Jeff Rader, Dist. 2 commissioner, Guest Column
The DeKalb County Board of Commissioners (BOC) approved a tentative 2010 budget of $565 million—a $17 million reduction from the budget proposed by the county CEO.
The approved budget does not increase the tax millage, which is used to calculate property tax. The budget is largely balanced by spending cuts. While county services and employees are going to be affected by the cuts, they are a necessary concession to the current economic climate. The challenge is compounded by the 27th payday, a recurring accounting anomaly that the county should have saved for, but didn’t.
These factors notwithstanding, the commissioners did not want to increase the millage.
The BOC partially rescinded budget cuts for the courts and criminal justice system proposed by the CEO. These operations generally are run by officials who are elected independently by the voters, thus are more independent of county control. They claimed that the CEO’s proposal to cut specialized positions would make it impossible for them to fulfill constitutional obligations, or could cost the county more in the long run. Their budgets were nevertheless reduced to 2009 levels, which will necessitate furloughs and other cost cutting.
Even with these amendments, the budget issue is far from over.
The BOC officially sets the millage in June, just before property tax notices are mailed out to taxpayers. At that time, the BOC will have a half-year’s data to update its revenue and expense projections. If there is a deficit, the BOC will have to come up with additional spending cuts or more revenue.
Already there is reason to believe there will be a deficit in the county’s mid-year projections. The CEO’s proposed budget was based on an estimated tax digest obtained from the tax assessor last fall.
After the CEO’s budget was submitted, the BOC asked the tax assessor’s office for an update on the tax digest. Based on more current information than was available when the CEO developed his estimate, the tax assessors’ office estimated the county tax digest will decline by 7 percent this year, which translates into a loss of about $20 million in county property taxes.

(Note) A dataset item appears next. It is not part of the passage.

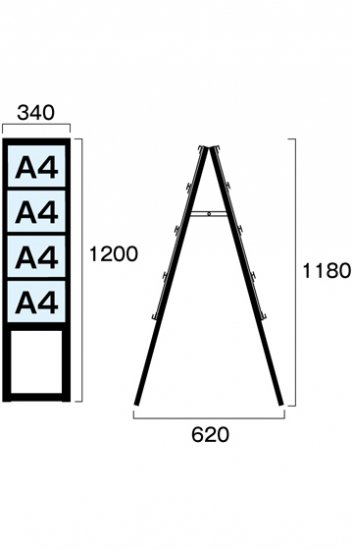 ブラックカードケーススタンド看板 A4横8両面ハイ - 常磐精工株式会社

Another significant variable is the county’s early retirement offer to its employees. County employees have until May 1 to accept the offer. Until then, it is impossible to calculate how much the county could save this year.
To get the additional $17 million in savings, the BOC’s biggest move was the elimination of seven paid holidays for county employees, starting with Memorial Day (May 31). This is a regrettable necessity given the current budget projections. The BOC also eliminated the CEO’s proposed merit pay increase for county employees, take-home cars for some county employees, and at least 150 positions from the county workforce in addition to those vacated by the early-retirement offer.
The exercise of approving a budget now is to give county departments a tentative ceiling for their expenditures in this fiscal year, which began Jan. 1. If the economy makes a significant gain by June, then spending cuts could be restored. However, the general consensus is the economy will remain flat or possibly decline.
As far back as January 2009, economists projected that state and local governments would be hit hard by revenue declines in 2010. Unfortunately, Georgia and DeKalb County were slow to react.
The CEO could have introduced the early-retirement offer to county employees last summer with a December deadline. Financial savings could have kicked in with the start of the new fiscal year and enabled the BOC to better evaluate the budget.
Also, county departments could have been studied last spring to determine whether staffing levels are properly proportional to the services provided. Personnel costs – salaries and benefits – account for about 80 percent of the county’s budget. Preliminary results from such a study are expected this month, but any savings will not be fully realized this fiscal year.
There will never be enough money to achieve all the things the county needs or desires. The first principle in crafting a budget is to fulfill federal and state constitutional obligations and those mandated by county law. The second principle is to fund services that impact the largest group of citizens. The third is to help build a safety net for those who cannot help themselves, because we are a humane society.
In the next few months, the county will closely watch the economic indicators, property assessment process, expenditures and the independent staffing study. Working to control expenses, we will hope for the best and prepare for the worst.